"Да-с, это все прекрасные теории, - сказал иронически Пален и, взглянув на часы, продолжал. - Ну, Анатолий Федорович, быть может, вы и правы, и ваши действия юридически правильны, но этого никогда не поймут в тех сферах, где вас обвиняют. Я постараюсь все это высказать, но не ручаюсь, не ручаюсь... за самые неприятные для вас последствия..." Я молчал, отдавшись моим мыслям. Замолчал и он. "Вот что! - сказал он, наконец, добрым и даже заискивающим тоном, ласково глядя на меня. - Вот что! Уполномочьте меня доложить государю, что вы считаете себя виновным в оправдании Засулич и, сознавая свою вину, просите об увольнении от должности председателя, а?" Я молчал. "Могу вас уверить, - продолжал он, - что государь, по своей доброте, не станет долго гневаться на вас. Он оценит ваше сознание; он так благороден! Я ему напомню о ваших прежних трудах и заслугах, и он вас скоро... он скоро оставит это... это дело". Я молчал. "Уполномочьте меня, - продолжал Пален, - я вам могу обещать, что вы даже скоро получите новое назначение... например, в прокуратуре, но, конечно, не в "действующей армии". Мое молчание его, видимо, конфузило. "А там - все пойдет своим чередом; вы еще молоды, у вас много впереди; это будет лишь временная отставка... а? так?"
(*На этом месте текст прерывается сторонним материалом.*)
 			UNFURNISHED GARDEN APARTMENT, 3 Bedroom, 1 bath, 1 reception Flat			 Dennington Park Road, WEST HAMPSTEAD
"Я не могу вас уполномочить, - ответил я, - я не могу дать вам право говорить государю то, чего я не признаю. Удивляюсь, как после всего, что я сейчас говорил вам, после всего, что говорил я до процесса, вы можете мне предлагать признать себя виновным..."
"А! - вспыхнул Пален, изменившись в лице, - когда так, то уж не взыщите! Не взыщите! Я умою себе руки..."
"Вы их умыли уже в совете министров", - сказал я.
"Я вам еще раз объясняю, что вам грозит увольнение без прошения, если вы не хотите принять моего предложения..."
"Вы можете с помощью высочайшего повеления убить меня в служебном смысле, - прервал я его, - но вы совершенно напрасно предлагаете мне совершить в этом отношении самоубийство. Я не согласен ни на какие компромиссы! Пусть меня увольняют!.. Но сам я моего места именно теперь не оставлю..."
"Но, позвольте, - спросил меня ядовито Пален, - что вас так удерживает на этом месте? Вы думаете, что вам легко будет его занимать?"
"Я не жду ничего отрадного на моем месте,- отвечал я тем же тоном. - В адвокатуре ("В помойной яме!" - вскрикнул Пален)... в адвокатуре, двери которой для меня открыты, я всегда без особого труда получу вдесятеро более, чем получаю теперь, и буду лет через десять иметь возможность сказать навсегда "прости" стране, где можно вести с судьей такие разговоры, какие вы, граф, ведете со мной... Поэтому не материальное вознаграждение меня удерживает. Я не честолюбив и спокойно смотрю на награды, чины и звезды, которых лишит меня отныне министерство юстиции. Мало привлекает меня и мое положение. Я знаю, как тягостно положение главы коллегии, находящегося в опале. Желая остаться председателем, я готовлю себе ряд трудных годов. Но меня удерживает, помимо соображения, что я могу быть полезен на моем месте, еще одно - и удерживает более всего. На мне должен разрешиться, судя по всему, практически вопрос о несменяемости. Несменяемость - лучшая гарантия, лучшее украшение судейского звания. Благодаря ей легко переносится и скудное вознаграждение, и тяжкая работа судей. Она поддерживает, она ободряет многих деятелей внутри России; она дает им доверие к своим силам в столкновениях со всякой неправдой... И вы хотите, чтобы эти далекие деятели, живущие только службой, узнали, что председателя первого суда в России, человека, имеющего судебное имя, занимающего кафедру, которого ждет несомненный и быстрый успех в адвокатуре и для которого служба - далеко не исключительное и неизбежное средство существования, - достаточно было попугать несправедливым неудовольствием высших сфер, чтобы он тотчас, добровольно, с готовностью и угодливою поспешностью отказался от лучшего своего права, приобретенного годами труда и забот,- отказался от несменяемости... "Если уже его, стоящего на виду и сравнительно независимого, можно было так припугнуть, - скажут они, сидя в каком-нибудь Череповце или Изюме, - то что же могут сделать с нами?! На нас станут кричать и топать ногами, обвиняя нас в своих ошибках..." Вот во имя этих-то череповецких и изюмских судей я и не могу дать вам полномочия, о котором вы... говорите..."
"А знаете ли вы, - перебил меня граф Пален, - что даже А. А. Сабуров говорит, что он на вашем месте подал бы в отставку, чтобы протестовать против решения присяжных! Надеюсь, что для вас он-то хоть авторитет!?"